Input document representation for COSMIC.

Class Definition

class Document:
    """
    Represents an input document with sentence segmentation.

    Attributes:
        id: Unique document identifier.
        text: Full document text.
        sentences: List of Sentence objects.
        metadata: Optional metadata dictionary.
    """

Class Methods

from_text

@classmethod
def from_text(
    cls,
    text: str,
    doc_id: Optional[str] = None,
    metadata: Optional[dict] = None,
) -> Document:
    """
    Create a Document from plain text.

    Args:
        text: Document text content.
        doc_id: Optional unique identifier. Auto-generated if None.
        metadata: Optional metadata dictionary.

    Returns:
        Document instance with sentence segmentation.

    Example:
        doc = Document.from_text(
            "First sentence.
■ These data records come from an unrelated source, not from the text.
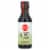 San-J No Soy Tamari - 10 fl oz (296 ml) Perspective: front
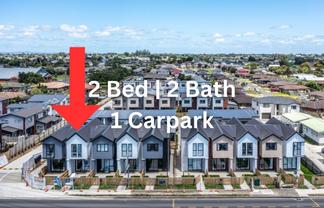 98D Walmsley Road, Mangere Bridge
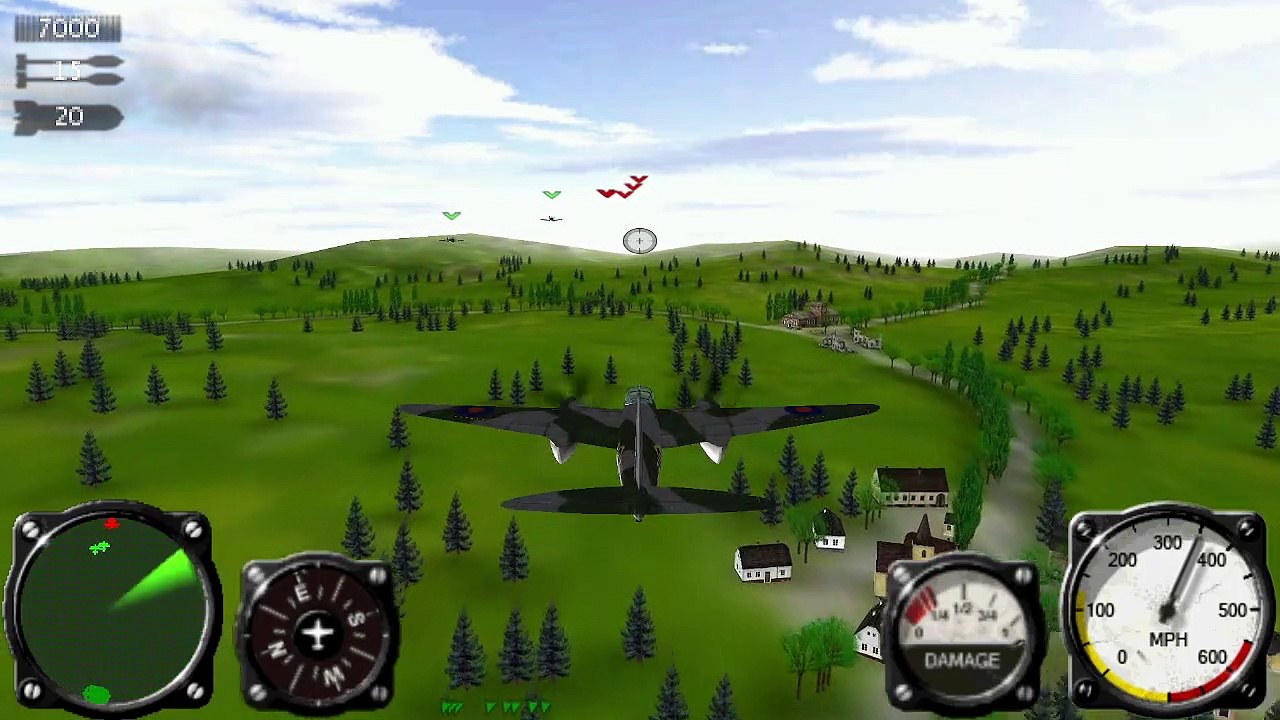 Air Conflicts #5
Second sentence.",
            doc_id="my-doc",
            metadata={"source": "user"}
        )
    """

from_file

@classmethod
def from_file(
    cls,
    path: Path,
    doc_id: Optional[str] = None,
    metadata: Optional[dict] = None,
) -> Document:
    """
    Create a Document from a file.

    Args:
        path: Path to the file.
        doc_id: Optional identifier. Defaults to filename.
        metadata: Optional metadata.

    Returns:
        Document instance.

    Supported formats:
        - .txt: Plain text
        - .md: Markdown
    """

from_pages

@classmethod
def from_pages(
    cls,
    pages: list[str],
    doc_id: Optional[str] = None,
    metadata: Optional[dict] = None,
) -> Document:
    """
    Create a Document from multiple pages.

    Args:
        pages: List of page contents.
        doc_id: Optional identifier.
        metadata: Optional metadata.

    Returns:
        Document with page boundaries preserved.
    """

Properties

Property Type Description
id str Document identifier
text str Full text content
sentences list[Sentence] Segmented sentences
num_sentences int Number of sentences
num_pages int Number of pages
total_chars int Total character count

Sentence Class

@dataclass
class Sentence:
    """
    Represents a single sentence.

    Attributes:
        index: Position in document (0-indexed).
        text: Sentence text.
        char_start: Starting character offset.
        char_end: Ending character offset.
        page: Page number (1-indexed).
    """

Usage Examples

Basic Creation

from cosmic import Document

# From text
doc = Document.from_text("First sentence. Second sentence. Third sentence.")

print(f"ID: {doc.id}")
print(f"Sentences: {doc.num_sentences}")
print(f"Characters: {doc.total_chars}")

With Metadata

doc = Document.from_text(
    text="Your document content here.",
    doc_id="doc-123",
    metadata={
        "source": "api-upload",
        "author": "user@example.com",
        "created": "2024-01-01",
    }
)

print(doc.metadata["source"])  # "api-upload"

From File

from pathlib import Path

doc = Document.from_file(Path("document.txt"))
doc = Document.from_file(Path("README.md"))

Multi-Page Document

pages = [
    "Page 1 content. First paragraph.",
    "Page 2 content. Second paragraph.",
    "Page 3 content. Third paragraph.",
]

doc = Document.from_pages(pages, doc_id="multi-page")
print(f"Pages: {doc.num_pages}")

Iterating Sentences

doc = Document.from_text("First. Second. Third.")

for sentence in doc:
    print(f"[{sentence.index}] {sentence.text}")
    print(f"  Position: {sentence.char_start}-{sentence.char_end}")
    print(f"  Page: {sentence.page}")

Accessing Sentences by Index

doc = Document.from_text("One. Two. Three.")

first = doc.sentences[0]
last = doc.sentences[-1]

# Slice
middle = doc.sentences[1:3]

Sentence Segmentation

COSMIC uses spaCy for sentence segmentation. The segmenter:

  • Handles abbreviations (Dr., Mr., etc.)
  • Recognizes sentence boundaries
  • Preserves whitespace information

Thread Safety

Document objects are immutable after creation and safe to share across threads.

Serialization

# To dictionary
data = {
    "id": doc.id,
    "text": doc.text,
    "metadata": doc.metadata,
}

# Recreate
doc = Document.from_text(
    data["text"],
    doc_id=data["id"],
    metadata=data["metadata"],
)